It’s hot. So it would seem that a hearty, garlicky, potato + white bean soup is just the ticket, no? I didn’t think so either, and in fact, I made this soup simply to use up the two big bunches of garlic scapes that were in the fridge, anticipating yet another bunch in this week’s CSA. I thought I would simply make the soup and freeze it, assuming that a thick-n-hearty soup was not the thing to offset my popsicle-and-popsicle diet of the last few days. But, you see, I was wrong: turns out this soup is just the ticket.
It’s garlicky, but that light, floral, almost delicate and grassy-green garlic of the scape, rather than the bulb. It’s thick, without being overly rich; filling, without being fat-laden or heavy. It’s been disappearing surprisingly quickly from the fridge, considering the weather in the past few days has hardly seemed soup-conducive; but this soup is nicely filling yet freshly flavored with scapes & basil, thick enough, after a day in the fridge, to serve as a dip of sorts, with crusty bread, tasty while hot, but also while just warmer than room temp, and satisfying in that thank-goodness-it’s-not-another-salad way.

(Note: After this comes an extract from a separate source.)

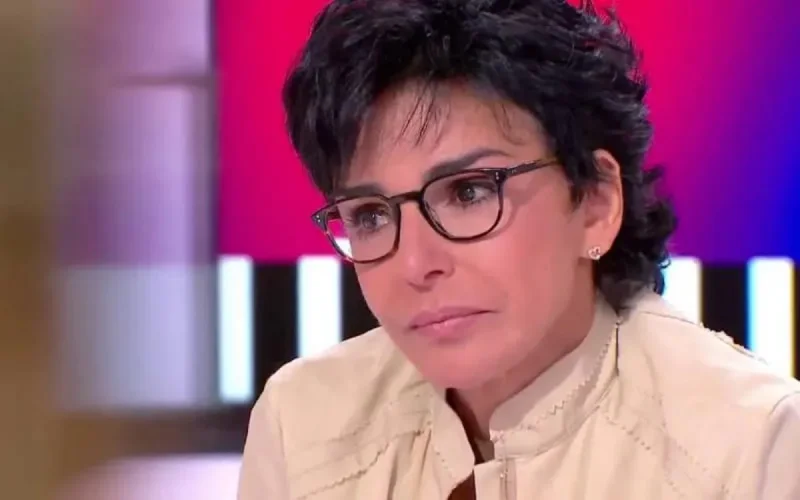Rachida Dati rêve d'une union entre le Maroc et l'Algérie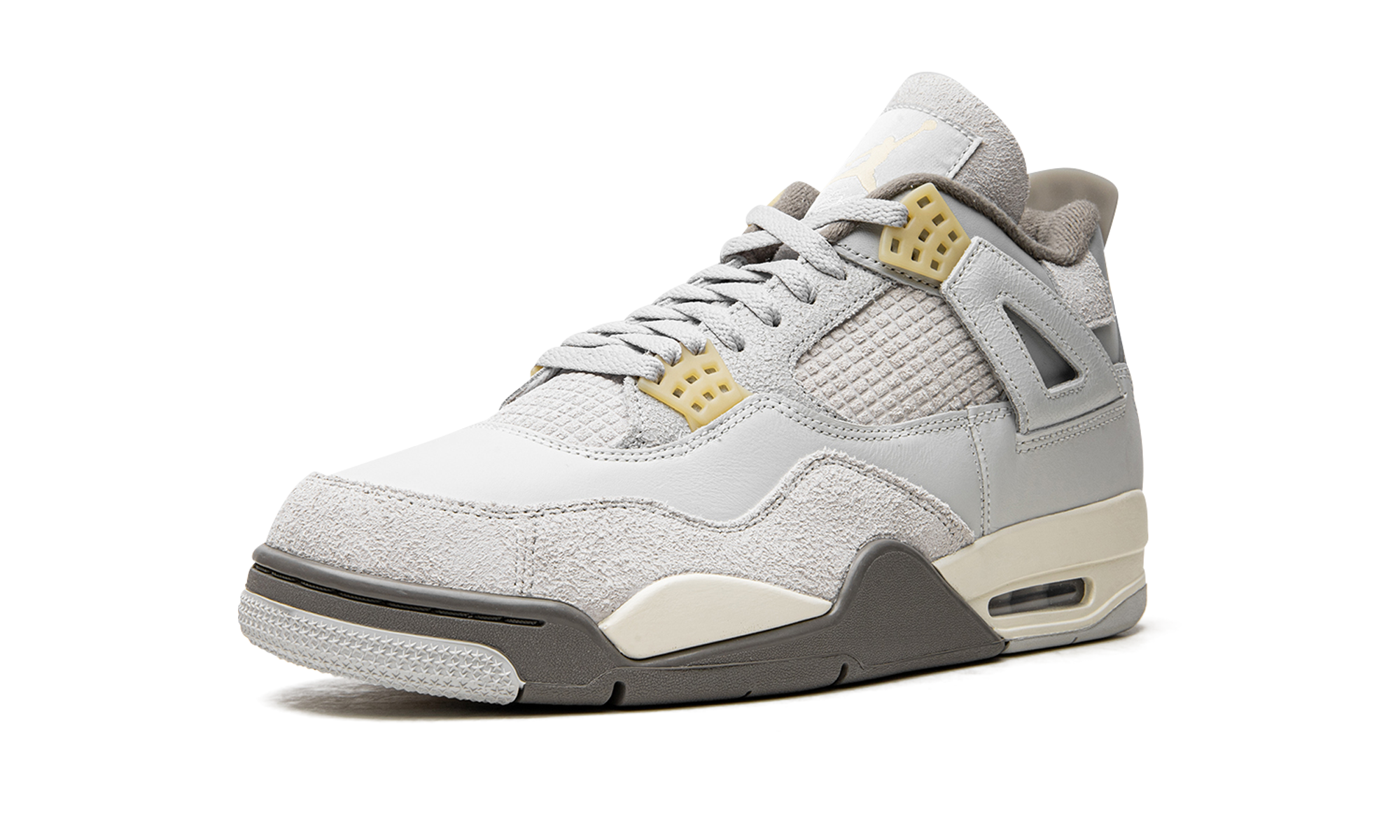 Air Jordan 4 SE Craft Photon Dust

This recipe packs in a full pound of garlic scapes and I suspect you could even increase that a bit without the garlic becoming overwhelming (admittedly, I’m not sure I’ve ever had too much garlic). The white beans give the soup a lovely, smooth, almost unctuous texture and a flavor that complements the garlic scapes quite nicely, but I expect you could make a good version with just potatoes & onion, if you don’t have the time or inclination to cook up a pot of beans. The fresh herb you choose is key here, as the soup is rather delicately flavored and really takes on the flavor of the herb. I had basil, tarragon and fresh dill on hand, so I tasted a small spoonful of soup with a sprig or two of each herb. I liked basil the best, but on another day, I might have gone with tarragon. I expect oregano, thyme, summer savory or rosemary would all be tasty options. Even mint, maybe with a dash of lemon juice to brighten it all up. Whatever is jumping out of your garden, or your CSA bag, will do. And then you’ll have some lovely soup for the freezer, bright with garden-fresh herbs and summery garlic scapes: if any of it makes it there.
- 3 tbsp butter
- 1 large yellow onion, diced
- 1 lb garlic scapes, with flower heads, chopped (reserve 2 flower heads for garnish)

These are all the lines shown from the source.